Di seguito l’elenco degli atleti intervistati e a scorrere tutte le interviste di giornata.

Carlos Edriel Yulo (Filippine)Intervista di Anna Maria Palaia

Ciao Carlos! Una domanda di rito: com’è essere di nuovo in Giappone dopo le Olimpiadi?

Beh, posso tranquillamente ammettere di aver perso alle Olimpiadi. Ho sognato quella gara, ma alla fine non sono riuscito a entrare in finale al corpo libero e a prendere la medaglia al volteggio. Questo mi ha buttato giù, ho pianto molto, addirittura! Essere qui per me è un riscatto, spero di riuscire a fare il mio e portare a casa ciò per cui ho lavorato tanto.

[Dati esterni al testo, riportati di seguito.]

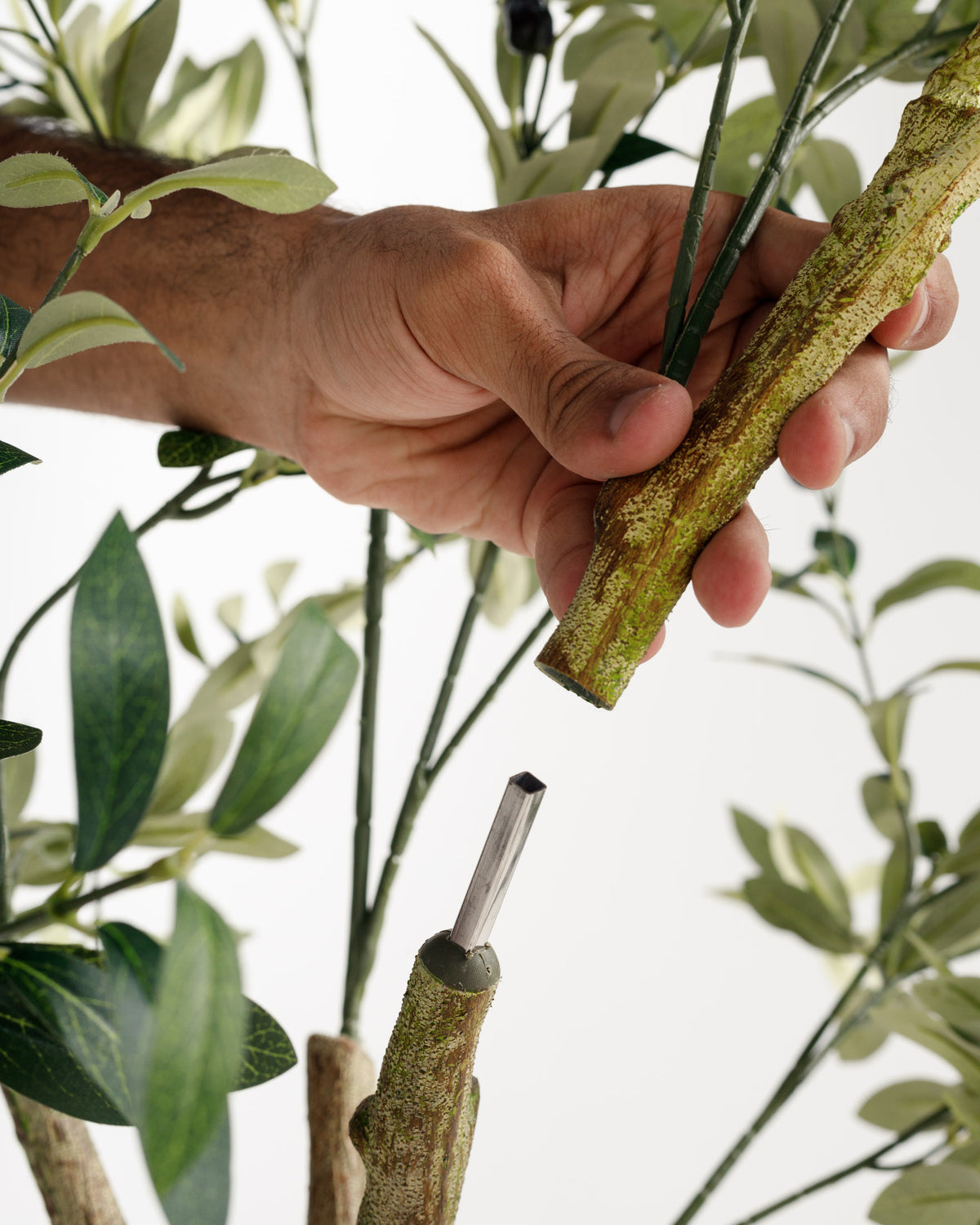 A close-up view of a persons hand connecting two segments of an artificial olive tree. The hand is holding a textured branch while green leaves and stems surround the scene, emphasizing the lifelike appearance of the plant.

Hai cambiato qualcosa nei tuoi esercizi rispetto alla gara di Tokyo?

Sì e no. Gli esercizi sono gli stessi, ma ho cambiato il mio metodo di allenamento, che prima non era dei migliori. Oggi mi sono concentrato molto su corpo libero, parallele pari e volteggio. Sono entrato anche nella finale All-Around, nonostante io abbia avuto qualche difficoltà alla sbarra, ma il mio obiettivo principale è focalizzarmi su quei tre attrezzi.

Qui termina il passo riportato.